Backup mail server?

Ted Beaton tbeaton at
Tue May 17 14:02:50 UTC 2005

Scot L. Harris wrote:
> On Tue, 2005-05-17 at 07:50, Ted Beaton wrote:
>>How about this?  Have 2 mail servers.  The backup kept in sync w/ the 
>>primary using rsync or something along that line.  Only the primary is 
>>in the dns.  Have a script on your dns ping the primary mail server and 
>>if it gets a response do nothing.  If it doesn't get a response the 
>>script then edits the db files on the dns server, changes the serial 
>>number in the files and restarts named.  The backup is now the primary. 
>>  Or to be a little more sophisticated you could have the script query 
>>the primary mail server with an expect script using esmtp.  This makes 
>>sure that esmtp is responding not just that the primary mail server is 
>>still on the network.  You need to be running your own dns and mail 
>>servers to do this.  I haven't had the time to do this myself but I know 
>>that my boss would go ballistic if he didn't have email for more than a 
>>couple hours.  Of course he doesn't want to pay for HA.  It was all I 
>>could do to get a Dell 1750 with raid 5 and dual power supplies to build 
>>my mail server on.  Email is his lifeline and he considers it critical.
> What do you have the time to live set to in DNS for your MX records? 
> Modifying DNS can cause significant delays until the new information is
> propagated across the Internet.  This is some what controlled by the
> time to live value set in your DNS.  
> If you have two mail servers that you maintain set them up with equal MX
> records and email will flow though both of them.  If one goes down there
> will be a slight delay as the sender retries.  The delay will be
> controlled by the sender.  If you modify the DNS files as suggested the
> sender may not read the new MX info for some time depending on the TTL
> of the MX and how long their system caches the info.

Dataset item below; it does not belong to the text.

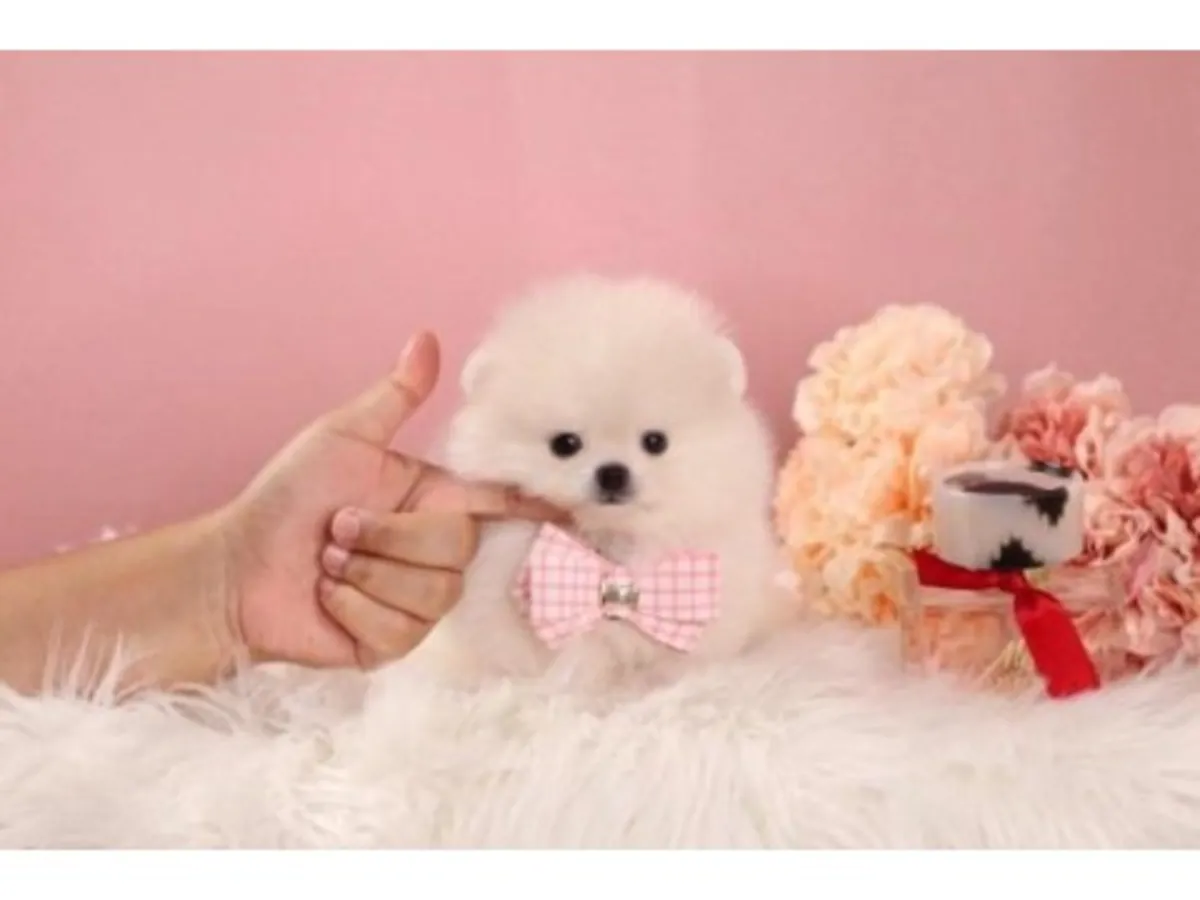 Взрослый белый померанский шпиц ищет новый дом.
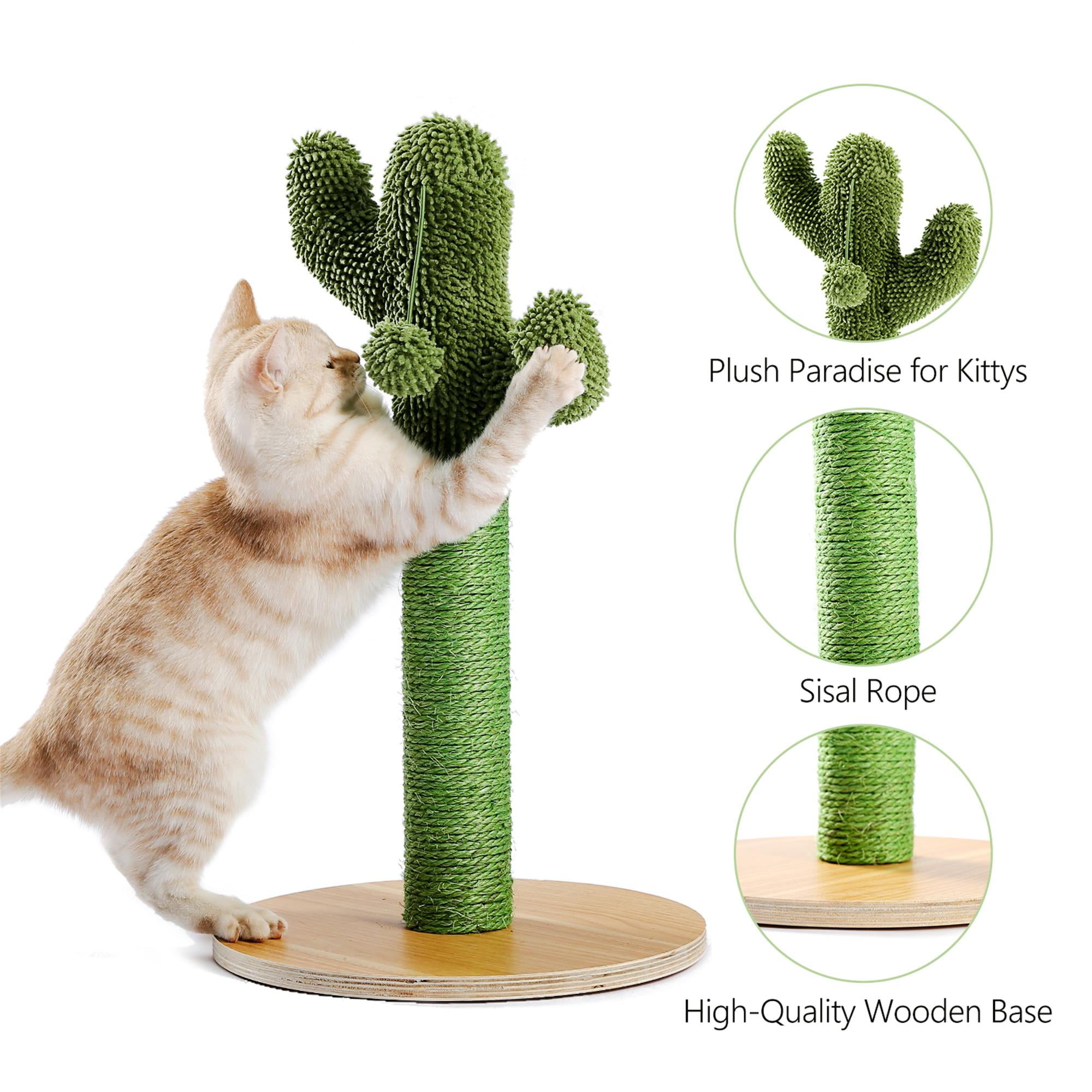 Kadyn 20" Cat Scratching Post, Cactus Cat Scratcher Kitten Scratch Post for Indoor Cats, Claw Cat Tree with Dangling Ball for Kitties, Green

> Of course if email is really that important I assume you have your email
> servers at different locations with different ISPs.  
> If he is not willing to pay for HA then it must not really be critical. 
You can even avoid the whole dns thing.  If the primary server is down 
(as in off the network), a couple things could happen.  First ifconfig 
the backup to the ip of the primary.  Then the change is invisible to 
both local users and the world.  Except for the MAC it is now the same 
machine.  Then send me an email telling me to go fix it so it doesn't 
come back up and cause an ip conflict.  If the machine isn't off the 
network but the processes are hosed just "init 0" it and then send me an 
email.  Depending on how you set up rsync the machine could have all the 
latest blacklists, access lists, av definitions, etc from that.  Or it 
could do it's own updates while it is waiting to assume the primary 
role.  As for needing the server at a different site, that would only be 
needed if your primary concern was people getting mail to it (which in 
the original post that was true).  In my case the guy I work for wants 
full functionality.  But if our internet connection is down he has no 
connectivity anyway.  He still couldn't get to his mail unless he went 
home.  As for the last statement "must not really be critical", I'm 
surprised that I'm the only person who works for someone who doesn't let 
logic dissuade him from what he wants.  He wants the redundancy of NASA 
for free. ;-)  Of course I haven't done this yet, even though this is 
"critical" to him, everything else is too and I'm doing "all the other 
stuff".  But I have done things like this in the past.